A refrigerant system is operable in either heating mode or cooling mode. The system is also provided with an economizer cycle that will function in either heating mode or cooling mode. A four-way valve assembly selectively communicates refrigerant from either an indoor heat exchanger or outdoor heat exchanger to an economizer heat exchanger. The valve assembly further includes a restriction for restricting a refrigerant flow downstream of the economizer heat exchanger. The valve assembly provides two distinct restrictions such that a different size restriction is presented to the flow in cooling and heating modes. In this way, a single valve assembly can provide both the required routing for the alternative heating and cooling modes, and at the same time allow for distinct restriction sizes for the two modes without the necessity of separate expansion devices, also improving overall system cost and reliability.

Description

    BACKGROUND OF THE INVENTION
  • This invention relates to a refrigerant system that may be utilized for operation in both a heating and cooling modes, and wherein an economizer cycle is provided in both modes.
  • Refrigerant systems provide cooled air in an air conditioning mode and a heated air in a heat pump mode. Essentially, the refrigerant flow through the system is reversed to provide the two distinct modes.
  • One modern development in refrigerant cycles is the inclusion of an economizer cycle. An economizer cycle taps a portion of a refrigerant flow downstream of the outdoor heat exchanger in the cooling mode or downstream of the indoor heat exchanger in the heating mode. The tapped refrigerant is used to subcool the main refrigerant flow.

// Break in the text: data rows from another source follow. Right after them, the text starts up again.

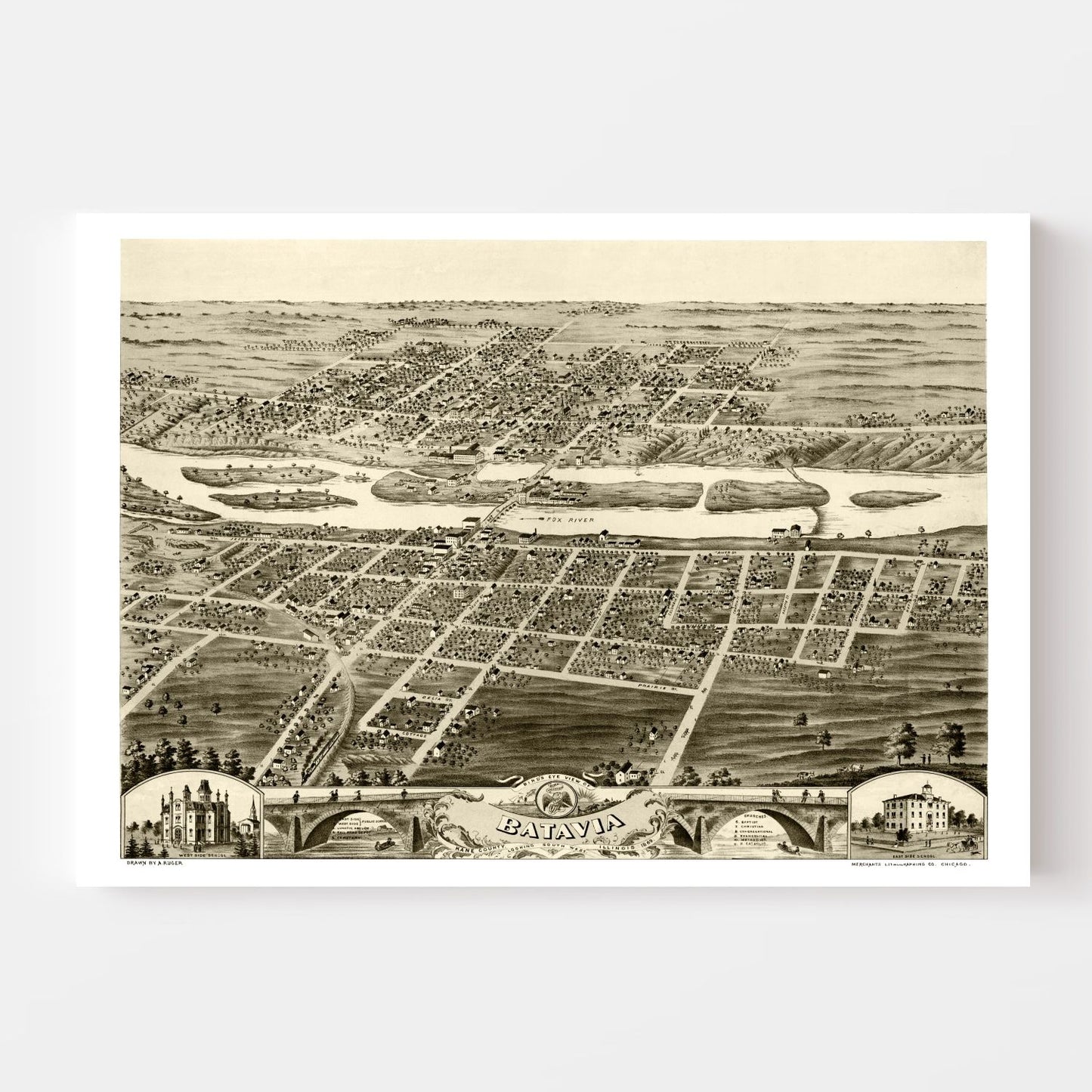 Vintage Map of Batavia, Illinois 1869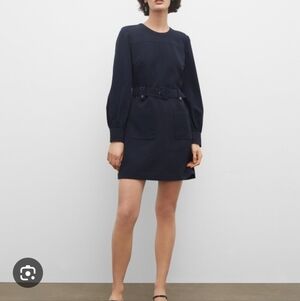 Club Monaco Beltwd Front Pocket Navy Long-Sleeve Belted  Dress Size 4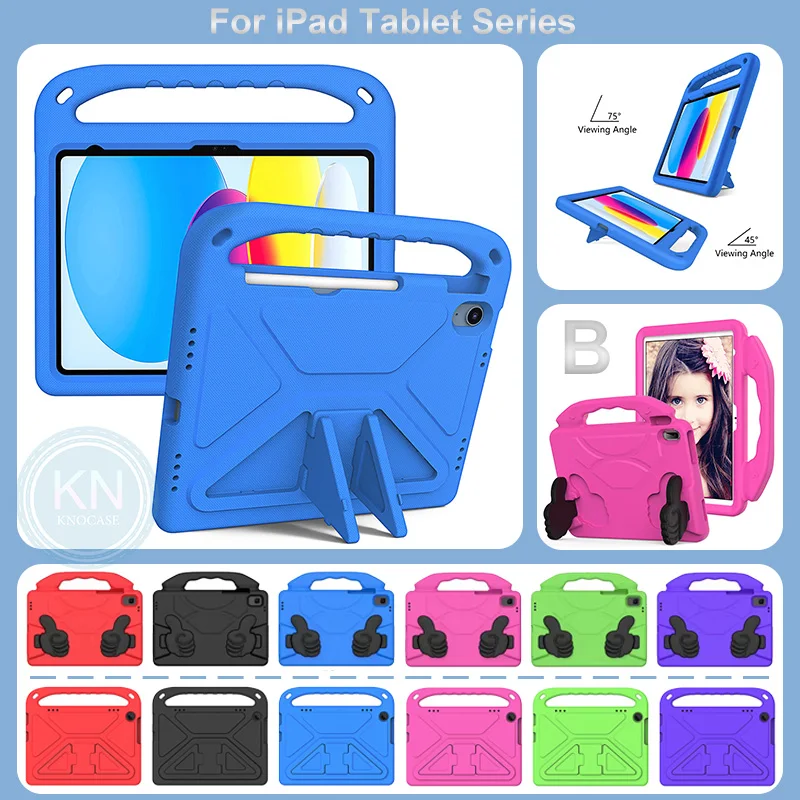 

For iPad Mini 1 2 3 4 5 6 iPad 2 3 4 5 6 7 8 9 10th Gen Air Air2 Air3 10.5 Air4 Air5 Pro 11 10.2 Kids Safe Eva Shockproof Case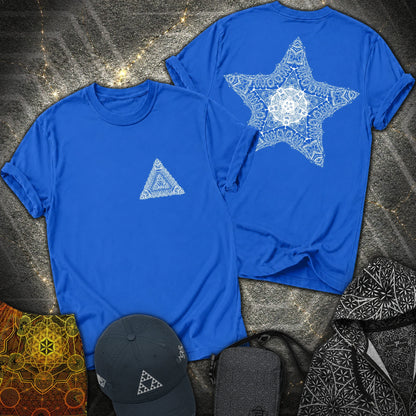 Geometric Sacred Star 2 Sided T-Shirt - Geometric Sacred Star 2 Sided T-Shirt - Royal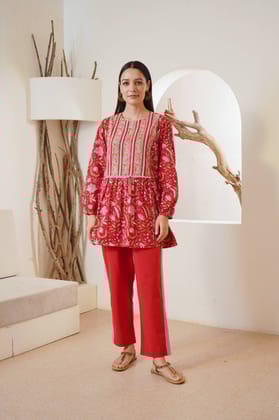 Chintz Boho Coord Set-XXS / Crimson Red / Crimson Red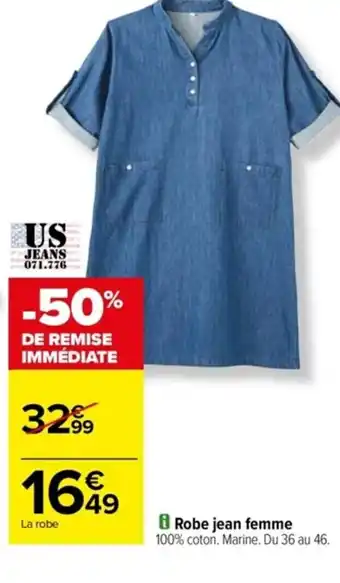 Carrefour Robe jean femme offre
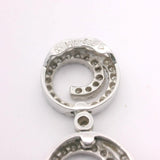 14k White Gold and Diamond Three Circle Swirl Pendant 1.4"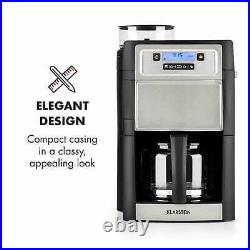 Coffee Machine Maker Home Electric Bean to Cup Timer 1000W Grinder 1.25 L Silver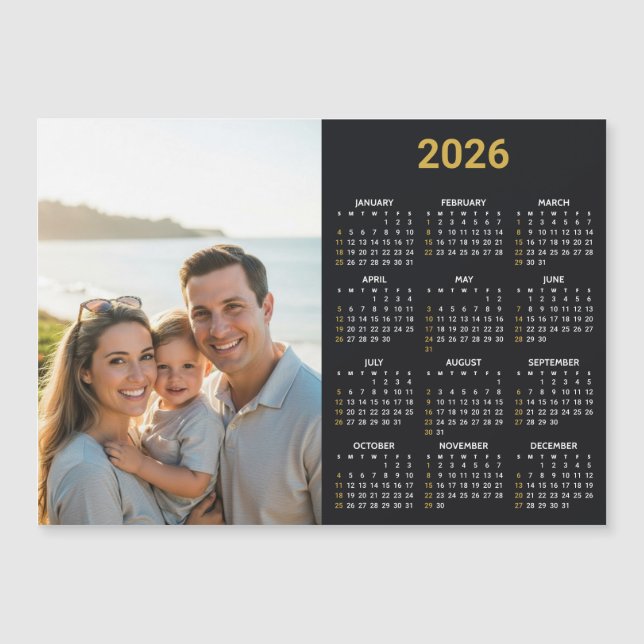 2026 Photo Calendar | Full Year Black Fridge Card (Devant)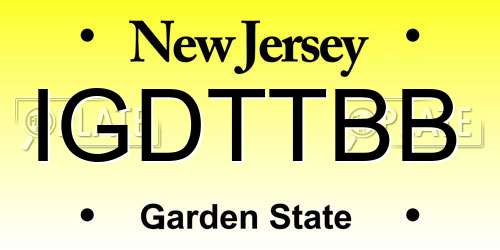 IGDTTBB New Jersey License Plate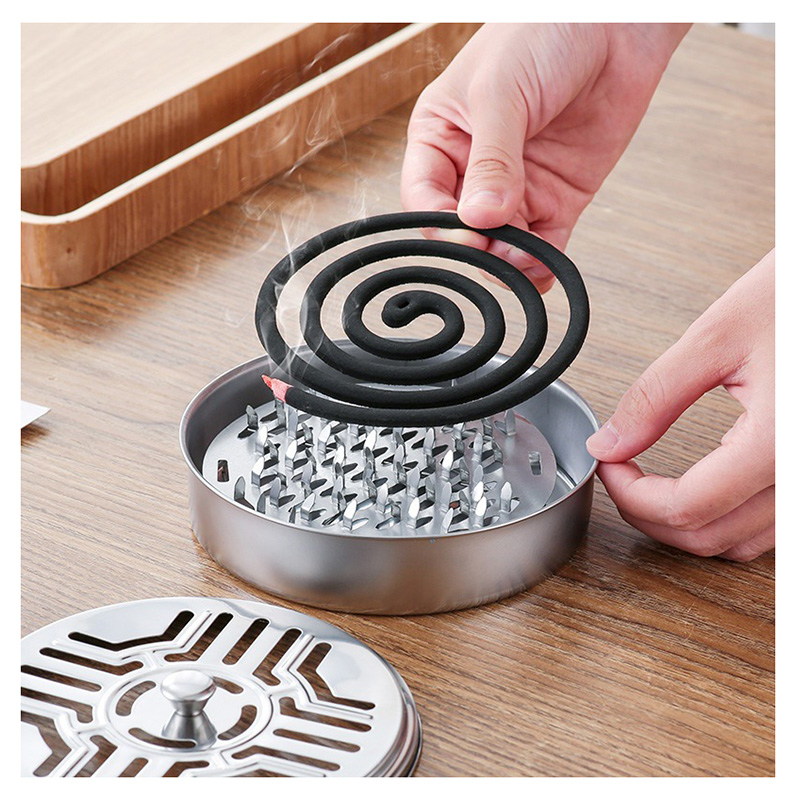 Stainless Steel Mosquito Coil Cover Fire Repellent Incense Holder Household Creative Portable Mosquito Stand
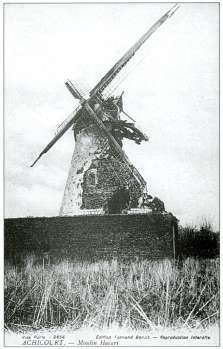 Le moulin d‘Achicourt détruit pendant la guerre 1914-1918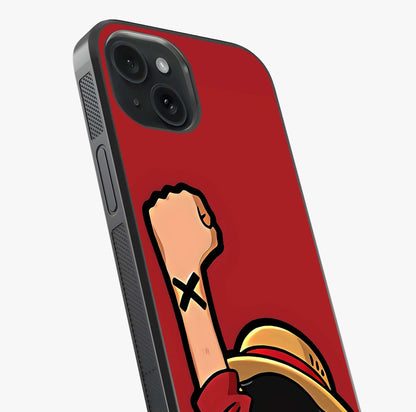 Luffy X Spirit Glass Case captured at a warm angle highlighting gloss, texture and premium glass finish.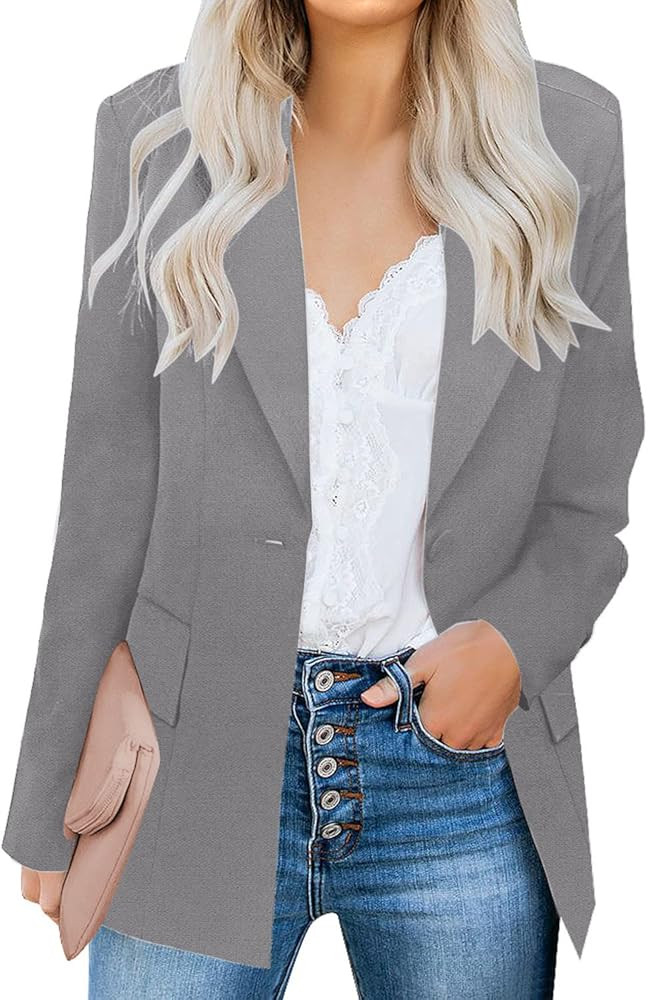 luvamia Women's Casual Long Sleeve Lapel Button Slim Work Office Blazer Jacket | Amazon (US)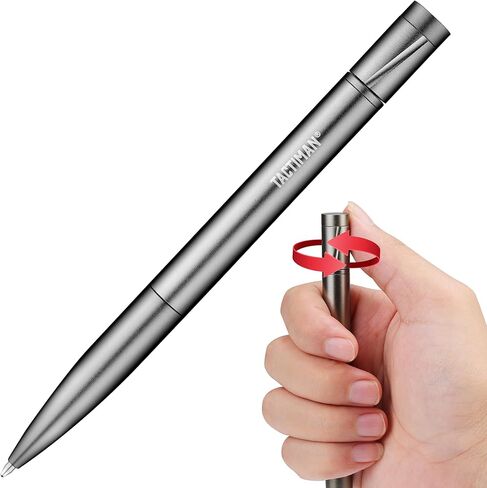 Spinning Ballpoint Pen for Stress Relief, Retractable Aluminum Metal Pen with Spinner, Fun Desk Toy for Work & Office, Ideal Gift for Men Women Students, Titanium Grey Finish. in Saudi Arabia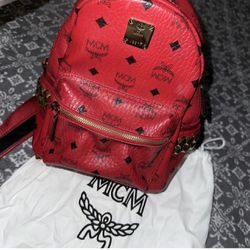 Cherry Red MCM backpack 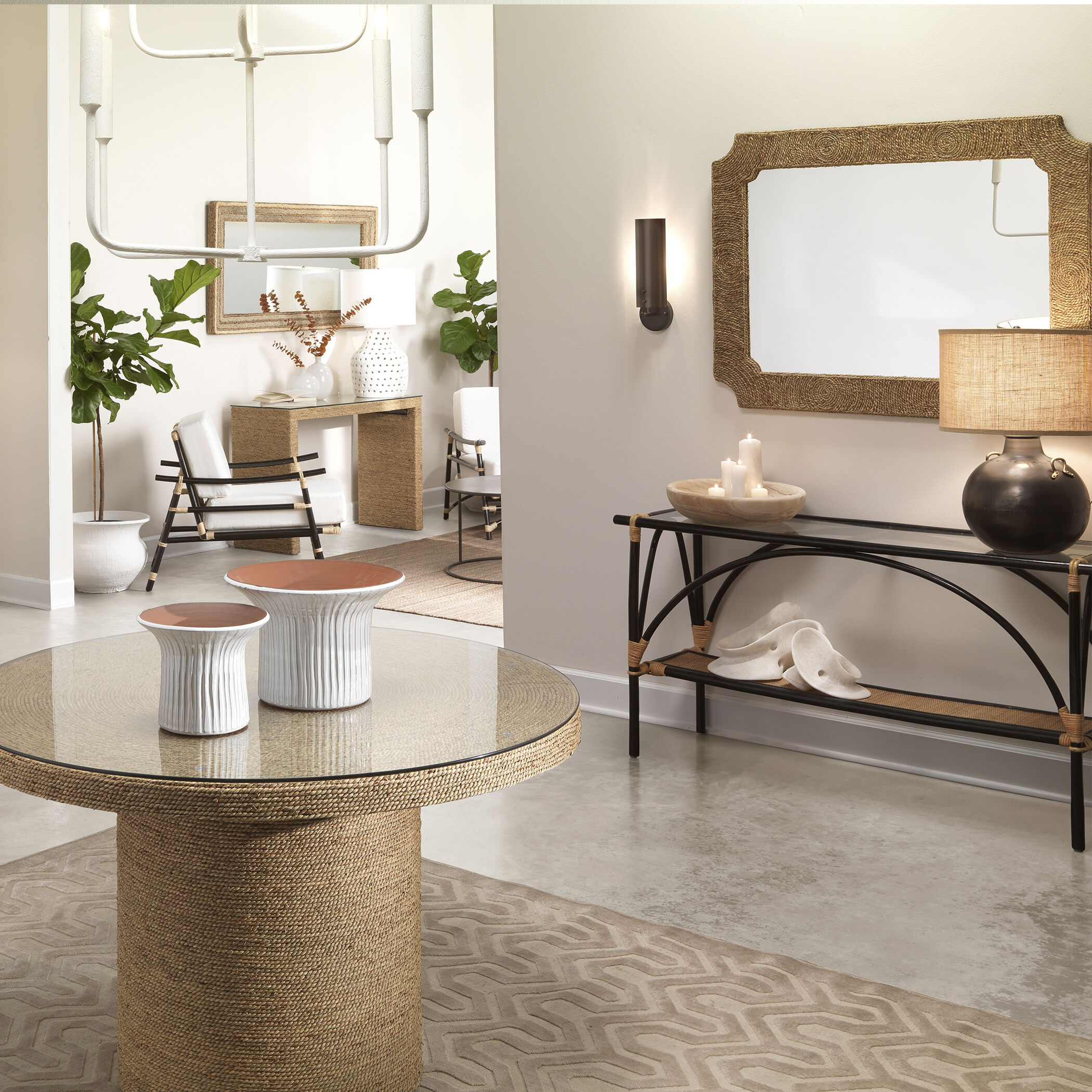 Marina 48 X 36 inch Natural Seagrass Mirror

The tapped refrigerant passes through an economizer expansion device, where its temperature is reduced during the expansion process, and then through an economizer heat exchanger.
  • The subject of this invention is to combine a four-way reversing valve with a main expansion device in a refrigerant cycle that will preferably have a different size orifice to the refrigerant flow in cooling and heating modes. Having stand alone expansion devices may be undesirably expensive, as well as presents additional reliability concerns.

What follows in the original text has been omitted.